Viva!
- Founded: 1994; 32 years ago
- Founder: Juliet Gellatley
- Type: Animal rights
- Focus: Animal rights, veganism
- Location: Bristol, England;
- Region served: United Kingdom
- Method: Campaigning, undercover investigations, monitoring research
- Website: viva.org.uk

= Viva! (organisation) =

British animal rights group

Viva! is a British animal rights group, which focuses on promoting veganism. It was founded by Juliet Gellatley in 1994. Viva! carries out undercover investigations to expose the abuse of factory farmed animals and produces information on how to go vegan, including recipes and shopping guides. It is a registered charity.

==Overview==

Viva! was founded as Vegetarians' International Voice for Animals, a charity, in 1994.

Viva! is an animal rights' campaigning organisation, working on issues such as factory farming and slaughter and is based in Bristol, with a branch office in Poland. Campaigns have included End Factory Farming, Eat Green, Foie-Gras free Britain, Exotic Meat, Ban the Farrowing Crate, and the Dark Side of Dairy. Campaigns in 2018 included an investigation into Hogwood Pig Farm in Warwickshire, and Scary Dairy's "Trash" campaign, highlighting the dairy industry's forgotten victims: male calves. Viva! includes the organization Viva! Health (formerly The Vegetarian and Vegan Foundation), which is dedicated to nutrition and health.

==Activism==

In 2005, Viva! campaigned against human consumption of cow's milk with an advert featuring a businessman drinking milk straight from a cows udder.

In 2009, Viva! criticised supermarket chain Tesco for turning 5,000 tonnes of meat that had passed its sell-by date into electricity by burning it to avoid wasting the meat. Viva! argued converting out-of-date meat into heat with as byproduct was not environmentally sustainable, but Tesco defended its decision. In 2010, Viva! protested against a branch of Budgens for supporting a "needless cull" of grey squirrels by selling squirrel meat in one of their stores in North London.

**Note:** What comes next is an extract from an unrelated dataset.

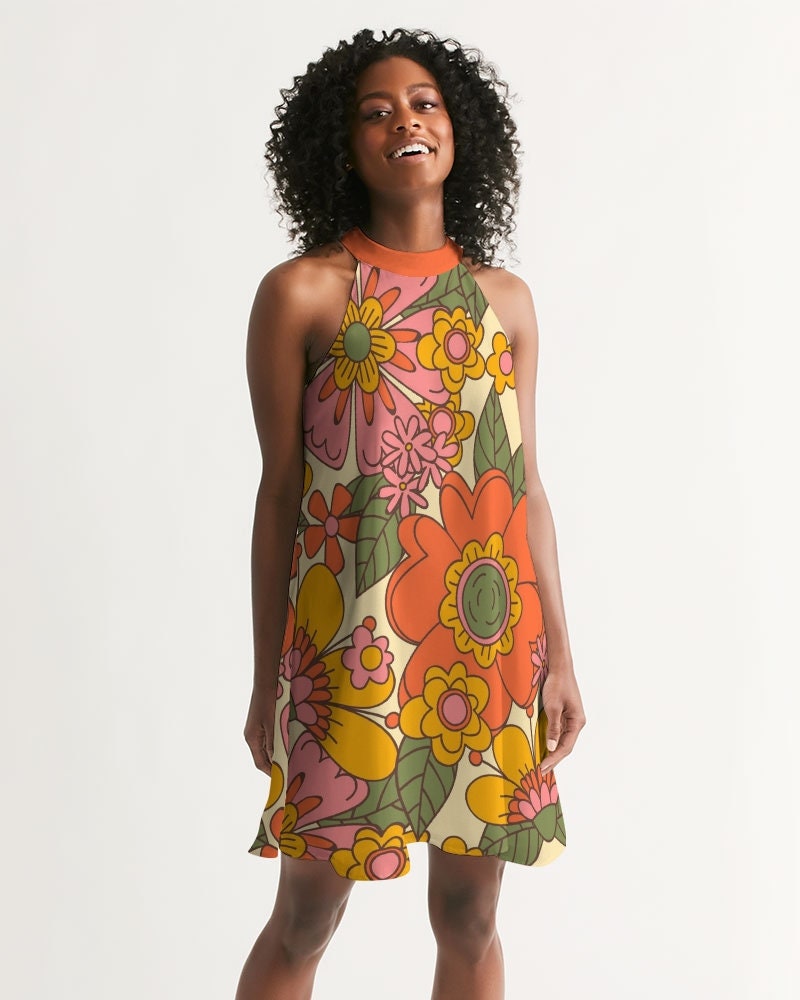 Vintage-Kleiderstil, Kleid im 70er-Jahre-Stil, Hippie-Kleid, Retro-Kleid, Disco-Kleid, 70er-Jahre-Blumenkleid, 70er-Jahre-inspiriertes Kleid, Rosa-Orange-Kleid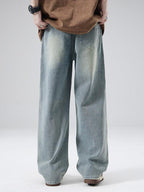 XPKAEAX Splash Ink Print Washed Vintage Straight Women's Wide-leg Jeans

In 2012, Viva! stated that it favoured the development of cultured meat. "Certainly, with over 950 million land animals slaughtered in the UK each year, and the vast majority of them factory farmed in awful conditions, anything that saves animals from suffering is to be welcomed," former Viva! spokesman and campaign manager Justin Kerswell said, adding that individuals should make up their own mind on whether or not they would consume it themselves, because "vegetarianism and veganism aren't religions".

In 2022, Viva! ran a TV advert which showed a couple ordering pulled pork takeaway from a company called "Just Meat." When the takeaway arrives, it is a live piglet delivered with a meat cleaver.